Profiling and benchmarking tools for Vivarium simulations.
Project description
Profiling and benchmarking tools for Vivarium simulations.
Installation
vivarium-profiling is published on PyPI as part of the vivarium-suite monorepo:
pip install vivarium-profiling
For local development against the monorepo source, see the monorepo README at https://github.com/ihmeuw/vivarium-suite.
Supported Python versions: 3.10, 3.11
HDF5 backing storage. Vivarium uses the Hierarchical Data Format (HDF) for its data artifacts, and the libraries pip needs to read these files may not be present on your system. If you encounter HDF5-related errors, install the system tooling into your conda env:
conda install hdf5
git-lfs and data artifacts. When cloning the monorepo, large data artifacts are stored via git-lfs. A clone that completes very quickly likely fetched only the checksum files rather than the artifacts themselves, and your simulations will fail.
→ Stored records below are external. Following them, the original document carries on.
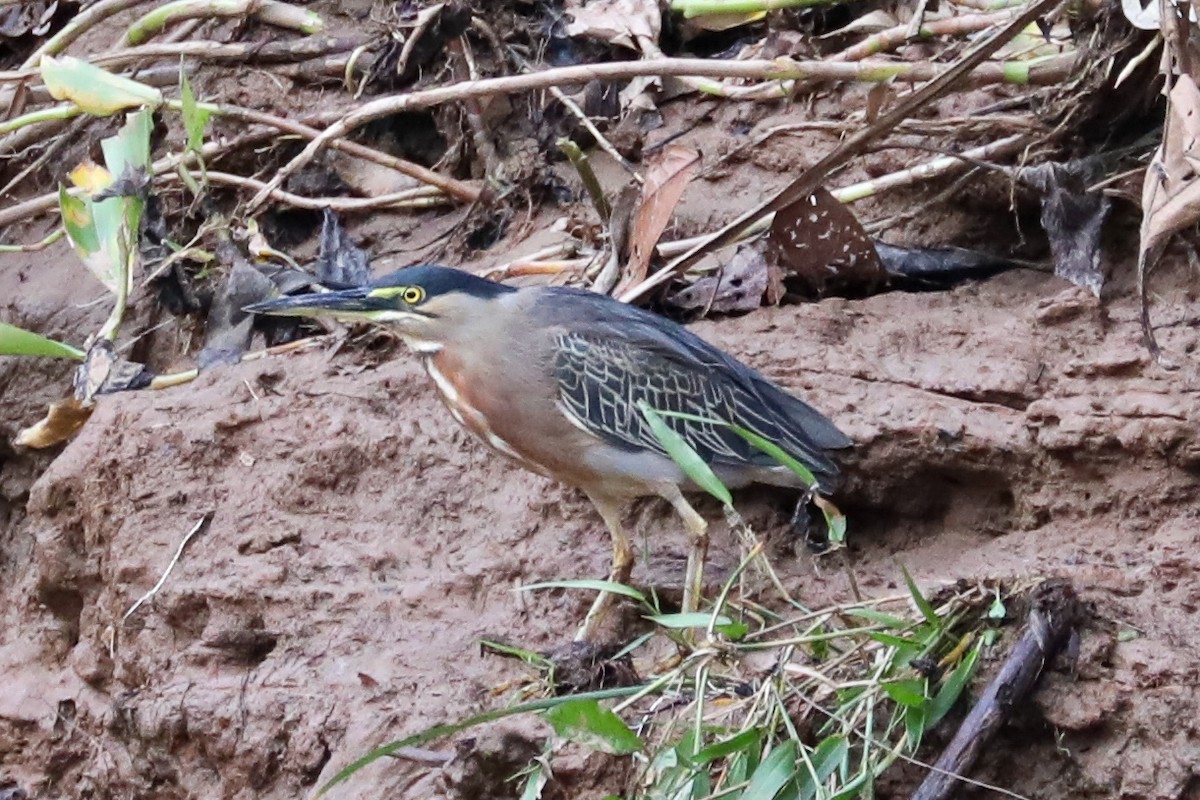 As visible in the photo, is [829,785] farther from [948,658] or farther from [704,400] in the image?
[704,400]

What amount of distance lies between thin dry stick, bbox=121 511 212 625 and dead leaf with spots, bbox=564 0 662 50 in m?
2.06

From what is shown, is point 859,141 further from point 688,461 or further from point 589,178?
point 688,461

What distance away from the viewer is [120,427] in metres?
4.30

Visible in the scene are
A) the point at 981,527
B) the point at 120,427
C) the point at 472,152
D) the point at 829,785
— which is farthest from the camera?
the point at 472,152

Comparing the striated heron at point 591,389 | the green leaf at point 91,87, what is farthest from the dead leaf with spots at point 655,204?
the green leaf at point 91,87

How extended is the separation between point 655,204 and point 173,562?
1582 mm

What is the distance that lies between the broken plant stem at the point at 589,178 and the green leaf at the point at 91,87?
1.24 metres

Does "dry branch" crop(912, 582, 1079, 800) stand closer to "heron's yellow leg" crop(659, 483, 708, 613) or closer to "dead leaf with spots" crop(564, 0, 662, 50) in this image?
"heron's yellow leg" crop(659, 483, 708, 613)

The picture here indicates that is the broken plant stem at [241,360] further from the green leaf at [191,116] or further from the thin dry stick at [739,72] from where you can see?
Answer: the thin dry stick at [739,72]

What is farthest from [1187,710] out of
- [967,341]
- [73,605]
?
[73,605]

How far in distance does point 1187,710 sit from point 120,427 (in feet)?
9.35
If you suspect this happened, pull the data explicitly:
git-lfs pull
Source layout
The package lives at src/vivarium/profiling/ and provides these subpackages:
components - custom Vivarium components used by the profiling models
constants - project-level constants and metadata
data - artifact builder helpers
model_specifications - model spec YAMLs (e.g. model_spec_scaling.yaml)
plugins - the MultiComponentParser plugin
templates - Jupyter notebook templates for analysis
tools - the CLI entry points (profile_sim, run_benchmark, summarize, make_artifacts)
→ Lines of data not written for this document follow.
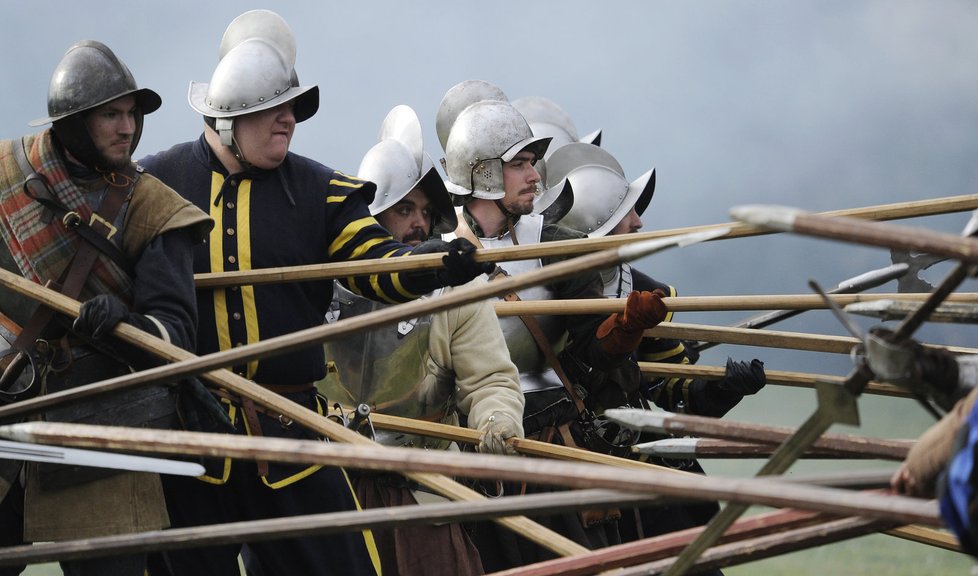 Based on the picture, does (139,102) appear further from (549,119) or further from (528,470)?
(549,119)

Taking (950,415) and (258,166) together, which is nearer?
(950,415)

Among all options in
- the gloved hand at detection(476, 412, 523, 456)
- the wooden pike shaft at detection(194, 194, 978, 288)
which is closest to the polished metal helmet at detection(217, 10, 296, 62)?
the wooden pike shaft at detection(194, 194, 978, 288)

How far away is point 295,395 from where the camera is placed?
566 centimetres

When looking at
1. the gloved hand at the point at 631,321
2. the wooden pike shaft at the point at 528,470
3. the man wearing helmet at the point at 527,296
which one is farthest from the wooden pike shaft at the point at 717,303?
the wooden pike shaft at the point at 528,470

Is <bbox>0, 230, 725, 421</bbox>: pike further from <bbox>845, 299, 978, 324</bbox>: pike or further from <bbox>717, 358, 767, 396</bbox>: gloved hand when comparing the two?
<bbox>717, 358, 767, 396</bbox>: gloved hand

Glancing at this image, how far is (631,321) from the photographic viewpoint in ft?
21.6

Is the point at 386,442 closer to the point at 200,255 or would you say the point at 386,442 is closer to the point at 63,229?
the point at 200,255

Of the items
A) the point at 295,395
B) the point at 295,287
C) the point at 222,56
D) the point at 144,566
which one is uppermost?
the point at 222,56

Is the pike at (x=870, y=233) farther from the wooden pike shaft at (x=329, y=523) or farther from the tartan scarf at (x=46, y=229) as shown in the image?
the tartan scarf at (x=46, y=229)

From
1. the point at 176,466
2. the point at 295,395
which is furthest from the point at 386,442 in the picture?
the point at 176,466

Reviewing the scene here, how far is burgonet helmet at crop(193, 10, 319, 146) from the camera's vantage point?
5.77 m

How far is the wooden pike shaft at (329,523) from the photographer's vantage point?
357 centimetres

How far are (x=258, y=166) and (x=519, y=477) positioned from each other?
2716 millimetres

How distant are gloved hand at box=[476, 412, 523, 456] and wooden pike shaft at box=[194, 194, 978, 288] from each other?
1.09 metres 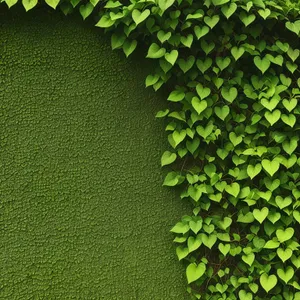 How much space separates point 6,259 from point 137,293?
0.64 m

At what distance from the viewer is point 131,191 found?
2.36 m

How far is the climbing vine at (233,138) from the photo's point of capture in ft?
7.45

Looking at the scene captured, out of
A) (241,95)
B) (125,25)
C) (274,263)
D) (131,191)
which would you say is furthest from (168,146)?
(274,263)

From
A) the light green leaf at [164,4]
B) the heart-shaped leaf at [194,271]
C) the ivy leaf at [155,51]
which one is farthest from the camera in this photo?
the heart-shaped leaf at [194,271]

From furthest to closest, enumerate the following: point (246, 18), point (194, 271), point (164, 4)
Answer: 1. point (194, 271)
2. point (246, 18)
3. point (164, 4)

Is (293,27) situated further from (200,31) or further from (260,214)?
(260,214)

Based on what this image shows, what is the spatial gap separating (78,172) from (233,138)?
75 centimetres

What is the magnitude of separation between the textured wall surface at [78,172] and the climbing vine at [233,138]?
0.33 feet

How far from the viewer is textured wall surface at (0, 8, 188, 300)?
7.35ft

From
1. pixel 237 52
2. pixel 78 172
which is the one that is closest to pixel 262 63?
pixel 237 52

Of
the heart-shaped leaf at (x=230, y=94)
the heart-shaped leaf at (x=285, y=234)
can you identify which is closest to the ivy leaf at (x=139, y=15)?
the heart-shaped leaf at (x=230, y=94)

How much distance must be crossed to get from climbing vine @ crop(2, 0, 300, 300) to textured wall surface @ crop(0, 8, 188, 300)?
0.33ft

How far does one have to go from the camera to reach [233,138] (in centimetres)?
233

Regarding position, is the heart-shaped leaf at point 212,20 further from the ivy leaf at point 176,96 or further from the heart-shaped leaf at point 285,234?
the heart-shaped leaf at point 285,234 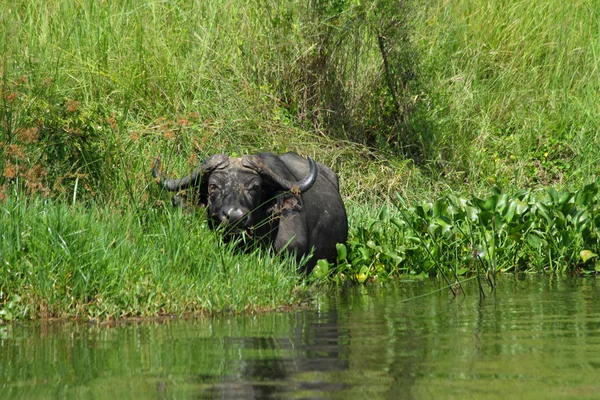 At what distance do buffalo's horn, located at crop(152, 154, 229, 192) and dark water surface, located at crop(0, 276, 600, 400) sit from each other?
6.31 ft

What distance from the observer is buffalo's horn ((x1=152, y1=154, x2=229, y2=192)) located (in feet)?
30.0

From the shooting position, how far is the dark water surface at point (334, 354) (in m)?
4.62

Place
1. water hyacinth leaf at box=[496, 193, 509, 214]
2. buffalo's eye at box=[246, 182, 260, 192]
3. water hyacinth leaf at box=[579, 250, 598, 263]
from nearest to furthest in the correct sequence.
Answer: buffalo's eye at box=[246, 182, 260, 192]
water hyacinth leaf at box=[579, 250, 598, 263]
water hyacinth leaf at box=[496, 193, 509, 214]

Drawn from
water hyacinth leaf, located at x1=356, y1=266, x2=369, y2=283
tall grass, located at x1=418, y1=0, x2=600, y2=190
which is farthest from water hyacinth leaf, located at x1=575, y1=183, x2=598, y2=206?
tall grass, located at x1=418, y1=0, x2=600, y2=190

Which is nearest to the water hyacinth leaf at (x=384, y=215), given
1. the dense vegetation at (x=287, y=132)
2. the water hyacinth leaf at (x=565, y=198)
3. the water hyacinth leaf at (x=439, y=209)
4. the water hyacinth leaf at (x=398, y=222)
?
the dense vegetation at (x=287, y=132)

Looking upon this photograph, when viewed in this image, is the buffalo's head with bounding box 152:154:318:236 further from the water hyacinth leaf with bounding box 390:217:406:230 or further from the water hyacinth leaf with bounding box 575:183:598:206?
the water hyacinth leaf with bounding box 575:183:598:206

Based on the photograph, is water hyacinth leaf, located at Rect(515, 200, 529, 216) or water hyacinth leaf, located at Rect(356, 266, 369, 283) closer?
water hyacinth leaf, located at Rect(356, 266, 369, 283)

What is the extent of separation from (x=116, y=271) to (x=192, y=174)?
2.22 m

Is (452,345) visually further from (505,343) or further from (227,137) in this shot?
(227,137)

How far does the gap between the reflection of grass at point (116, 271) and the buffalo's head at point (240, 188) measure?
621mm

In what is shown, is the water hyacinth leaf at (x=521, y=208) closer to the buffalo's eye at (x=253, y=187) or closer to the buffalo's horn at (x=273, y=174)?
the buffalo's horn at (x=273, y=174)

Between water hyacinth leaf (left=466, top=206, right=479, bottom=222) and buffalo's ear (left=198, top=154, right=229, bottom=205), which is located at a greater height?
buffalo's ear (left=198, top=154, right=229, bottom=205)

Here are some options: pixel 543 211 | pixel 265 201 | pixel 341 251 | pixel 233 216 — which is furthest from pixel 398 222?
pixel 233 216

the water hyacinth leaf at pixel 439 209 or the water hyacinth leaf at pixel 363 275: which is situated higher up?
the water hyacinth leaf at pixel 439 209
Profiling and Benchmarking
This repository provides tools for profiling and benchmarking Vivarium simulations to analyze their performance characteristics. See the tutorials at https://vivarium.readthedocs.io/en/latest/tutorials/running_a_simulation/index.html and https://vivarium.readthedocs.io/en/latest/tutorials/exploration.html for general instructions on running simulations with Vivarium.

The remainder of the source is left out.